Over on Whatever (you are reading Whatever, aren't you?) John Scalzi makes the best argument for going the regular publishing route I've seen yet. The joy of foreign sales.
Not all agents do foreign sales. And yes, they'll take a portion off the top. Okay, so your agent gets you a contract to sell your book to Botswanna, and you get $2000. The agent takes 15%, or $300, maybe a little more. So you go home with $1700. No agent, and you're probably not getting that sale. So, is it worth it? Hmm, $300 to get $1700, or nothing. Yeah, I'll take the $1700, thank you.

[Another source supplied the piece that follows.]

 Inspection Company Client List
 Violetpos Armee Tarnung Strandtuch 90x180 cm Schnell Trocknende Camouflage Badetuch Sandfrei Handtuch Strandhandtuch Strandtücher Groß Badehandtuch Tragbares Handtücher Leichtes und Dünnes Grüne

This is like some people who have said they don't want to play the lottery, or take a chance on winning a house, because if they win they don't want to pay the taxes. Hello? What? And the political argument about making more than $250,000 and paying more taxes. Really, you're going to take a paper hat job because you want to keep your tax liability less than 20%. You know, I've gone between tax brackets before. And just hitting above the current one sucks. It really does. But really, $250,000 a year and you think that's middle class? Um, nah. That isn't the richest, but that's pretty damn rich right there.
Sorry, got off track there.
But yeah, it's the agent's job to find markets for your work. They only get paid when they get you money. And then it's a percentage, they have a vested interest in your career and your income now and in the future. Really, better than sliced bread.
There are times when you should go a different route, many very legitimate. However, if you can go the other way, you should try it.